Henry David Thoreau refuse de payer ses impôts à l'État américain. Par ce geste il proteste contre l'esclavagisme et la guerre au Mexique. Il est emprisonné mais ne reste qu'une nuit en prison, car son entourage paie la caution. Il n'apprécia pas ce geste. Sur cette expérience qui changea sa vie, il écrivit l'essaie La désobéissance civile qu'il publia en 1849.
Faut-il désobéir aux lois?
Est-il légitime de désobéir aux lois dans une démocratie?
Nous avons vu au cours que les lois peuvent être contestable ou révoltante. Mais pour être libre il faut des lois «La liberté, c 'est tout ce que permettent les lois » Montesquieu.

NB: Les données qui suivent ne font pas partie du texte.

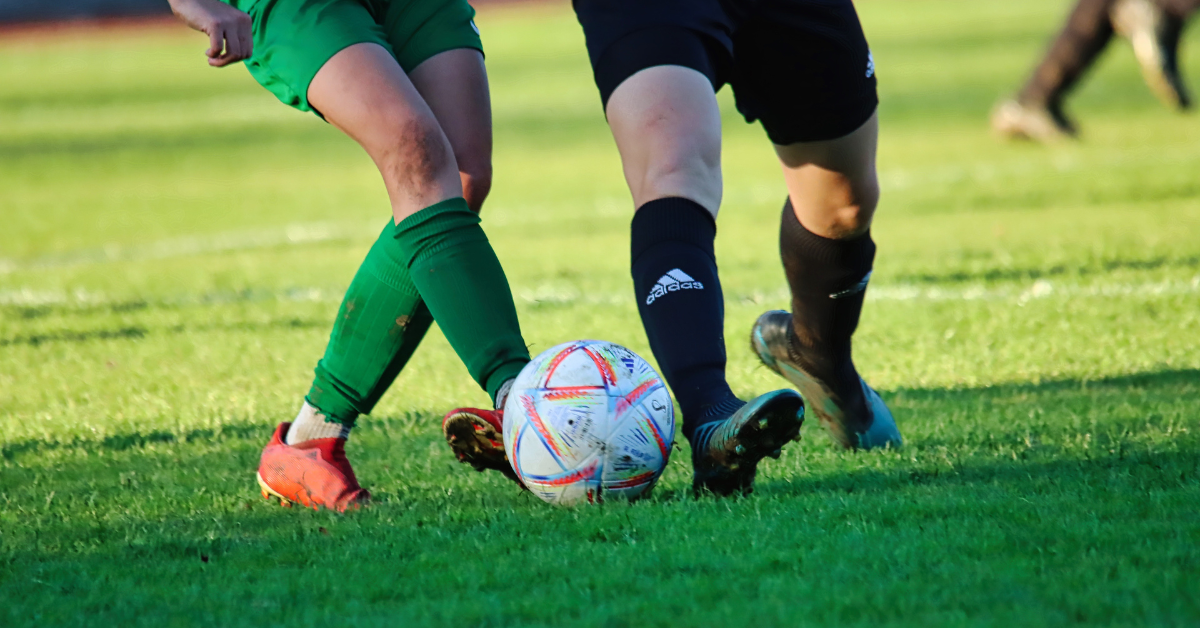 Footballer legs and soccer ball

La désobéissance civile c'est le refus de quelque chose au nom de la justice. Les lois sont fabriquer par les hommes donc elles ne sont pas parfaite et sont discutable.
Thoreau critique le gouvernement américain qui soutient l'esclavagisme et une guerre au Mexique contre tous les droits individuels et contre toute morale. Il se bat contre une valeur commune et non par intérêt personnel. Il critique un droit positif au nom du droit naturel. La révolte est un droit légitime donc un droit naturel. La valeur de justice est supérieur à la valeur de l'obéissance. « Je suis un homme avant d'être sujet », « il est plus désirable de cultiver le respect du bien que le respect de la loi. »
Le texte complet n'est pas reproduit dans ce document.